The Waugh Family
An historical and photographic perspective

Daisy Waugh

Excerpt from Boss Whistle: Vancouver Island Miners Remember by Lynne Bowen:

Everyone who worked in Number One or Protection in the 1930’s knew James “Daisy” Waugh.  They knew him for his prowess on the soccer field and for his sunny nickname derived from the days when he brought his mother the fresh white and yellow flowers from the daisy field back of Robins Park.  He loved parties, and there was no better night for parties in Nanaimo than New Year’s Eve.  On that night there were dances everywhere, and there was first footing, the good-luck custom practiced by Scots that required a dark-haired man to be the first over the threshold after midnight to bring in the new year.

Daisy and his young wife Ethel were planning to dance at the Pygmy Ballroom* on its marvelous sprung floor before midnight and then join their fellow Scots on the rounds of their neighbours.  But Daisy had to work the evening shift in Protection mine.  He debated whether to skip work, but decided he was lucky to have a job, and had better not risk losing it, especially with a ten-month-old son to support. (Note by gw – obituary says his son was 3 monhs old)

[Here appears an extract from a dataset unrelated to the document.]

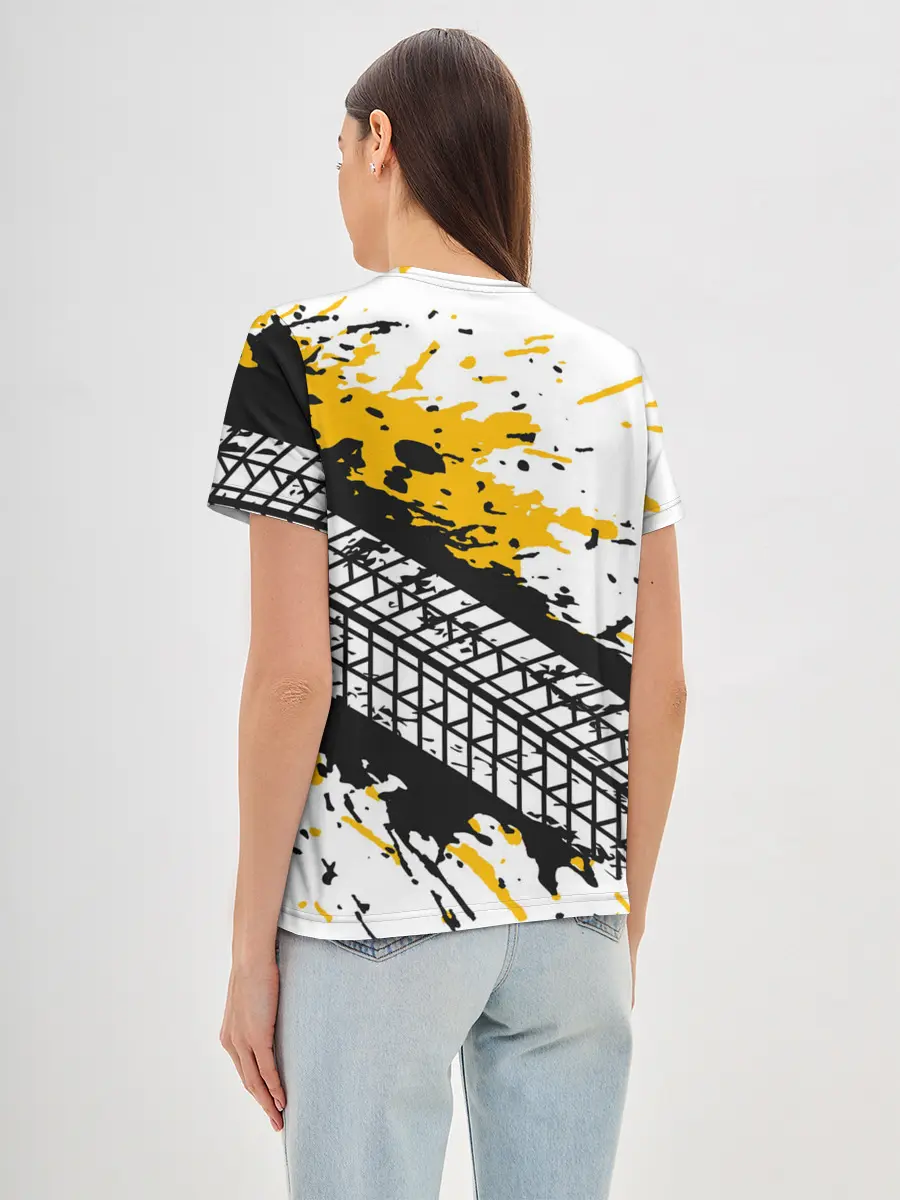 Женская базовая футболка / Need for Speed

As Ethel laid out his dancing clothes for later, Daisy debated whether he would wear rubber boots or hobnails for work.  Rubber boots made sense when the floor of the mine was wet, but hobnails were more comfortable.  Twice he put on the rubber boots only to take them off and finally he chose the hobnails.  With a promise to meet Ethel at the Pygmy in time to go first footing, he went to work the afternoon shift in the Cobble Hill section of Number One mine.

There was going to be a great time in Nanaimo that night and some of the boys were rushin’ out to get to the dance a little early before shift change.  You could see their lights going by as they went along the main motor level.  So we decided to pack up and go too.  We could see this light wavin’ ahead of us and all of a sudden – whoof.  I says, “We’d better go and have a look.”  It was poor Daisy and he was dead.  God knows what happened.  The only thing we could see was a burn mark on his temple.

Daisy had been walking along the main motor level with a friend when he noticed some machinery that intrigued him sitting on a siding.  As he stood on the rail to get a better look, his head touched a copper trolley wire and he died instantly of electric shock.  Had he been wearing his rubber boots, he would have been all right.

When the news reached Nanaimo, orchestras fell silent in one dance hall after another.  Grieving family and friends trudged home through the heavy snow that had fallen that night.  Four days later, players from the city football team carried their teammate to the cemetery.

* Note: The Pygmy Ballroom was one of the five dance halls in Nanaimo.  It was a popular Nanaimo jazz mecca in the 1930s and 40s and  Louis Armstrong and Harry James both performed there. The site is now the fiesta Bowling Alley.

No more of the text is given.